Ancak belki de bu çift uzuvların en büyük başarısı, insanlara iletişimi öğretmeleridir. İnsanlar konuşmadan önce, jestler yaparlardı. Ellerle havada sessiz kelimeler dokur, zamansız hareketlerle mesajlar iletilirdi. Günümüzde bile işaret dilleri televizyonda ana haberlerde veya başka ortamlarda gördüğümüz gibi ellerin anlam taşıma gücüne bir kanıttır. Eller, tek bir ses çıkarmadan konuşur, bileğin bir hareketi ya da parmakların açılmasıyla sevgiyi, korkuyu, öfkeyi ve umudu ifade ederler.
Koruyucunun İkilemi: Felsefi Bir Yansıma
Yine de tüm büyük güçler gibi, iki elin armağanı da bir yükle bize gelir. Koruyucu ve Yaratıcı eller sıkça büyük bir çatışma içinde bulurlar kendilerini. Bir an ortaklar gibi, köprüler inşa eder, tarlaları eker ve bir bebeği kucaklarlar. Bir sonraki anda ise rakiplerdir. Biri sıkıca tutarken diğeri bırakmak ister, biri inşa ederken diğeri yıkar. Bu ikilik, insan ruhunun özünü açığa çıkarır: yaratma ve yıkma, tutma ve bırakma arzusu.
Bu mücadele, en büyük sanat eserlerine ve en karanlık savaşlara neden olmuştur. Aynı el bir dostu yerden kaldırabilir veya suratına öfkeyle vurabilir; aynı parmaklar bir sevgiliyi okşayabilir veya bir ölüm aracı haline gelebilir. Dolayısıyla eller sadece yetenek sembolleri değil, aynı zamanda birer seçim aracıdır. Hayatta var olduğumuz süre içinde, her parmak aldığımız yolların sessiz tanıklarıdır.
Bütünlüğü Kucaklamak
Bu gerilimlere rağmen, ya da belki de bunlar sayesinde, iki el birlikte bir bütünlük sembolüdür. Birbirine kenetlendiklerinde bir daire oluştururlar. Birlik ve barış halkası oluşturup mesaj verirler. Bize, karşıtlıklara rağmen, bölünmüşlüğe rağmen, bütünün her zaman parçaların toplamından daha büyük olduğunu anlatırlar. Tek bir el sınırlıdır, erişiminin kenarlarıyla çevrilidir. Ancak iki el bir araya geldiğinde, birleştirir, kavrar ve ayrılmış olanları tekrar bir araya getirebilir. Sevdiğim bir deyişi buraya koyayım; United we stand, devided we fall.
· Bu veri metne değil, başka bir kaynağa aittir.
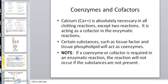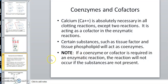As we get into the coagulation cascade, I want you to note that calcium is absolutely necessary in all clotting reactions except tube reactions. It is acting as a cofactor in the enzymatic reaction. Certain substances, like tissue factor and tissue phospholipid, will act as coenzymes. From your ANP1, if an enzyme requires a coenzyme or cofactor to work and it's not there, it will not work at all — it can have all the other constituents present, but if that's missing, it will not work.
Sonuçta, iki elin öyküsü sadece işlevsellik veya biyoloji ile ilgili değildir. Bu, olasılıkların öyküsüdür. Biz seçim yapma yeteneği ile doğmuş varlıklarız. Hem inşa edip hem de yıkabilen, hem sevebilen hem de savaşabilen. Ellerimiz, insan olmanın özüdür. Varoluşun gelip geçen anlarını yakalamak, kusurlu bir dünyada güzellik yaratmak ve her daim daha büyük bir şeye uzanmaya çalışmak. İşte hepsi bu. Şu geçici olduğumuz dünyada hepsi bu.
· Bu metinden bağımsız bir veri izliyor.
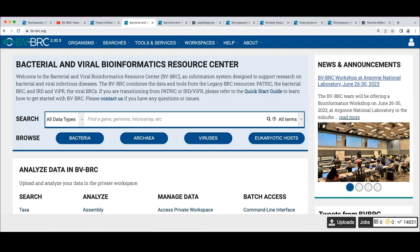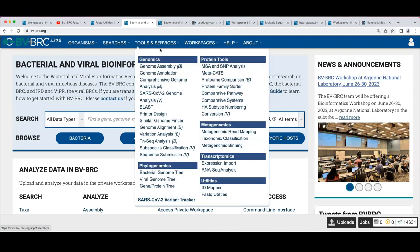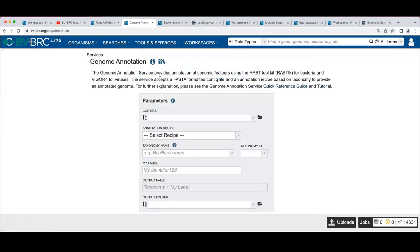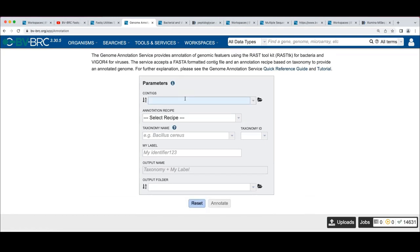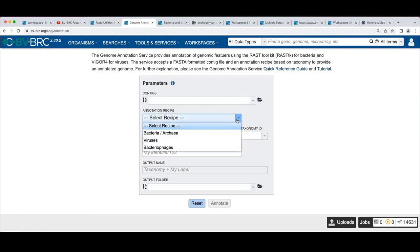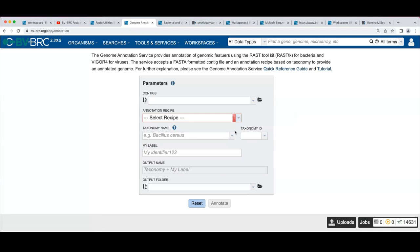The genome annotation service looks similar, except it's designed to start from contigs rather than reads — so you need an assembled genome to use it on its own. The comprehensive genome analysis service can take either reads or contigs. We have a bacterial, viral, and bacteriophage recipe for annotation, which largely determines the database of curated proteins used for lookup.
Onun için her şeye şekil veren, hayallerimize bekçilik eden ve kaderlerimizi bile belirleyen bu elleri için küçük bir yazı kaleme aldım . Çünkü her kavrayışta, her bırakışta, her okşamada ve her darbede kim olduğumuz gerçeğini ellerimiz bize fısıldar. Düalitede, ikilik içinde var olan bizler, iki elin gücünü kullanarak, bir olmayı arzuladığımız bir dünyada kısa süre yaşayan canlılarız.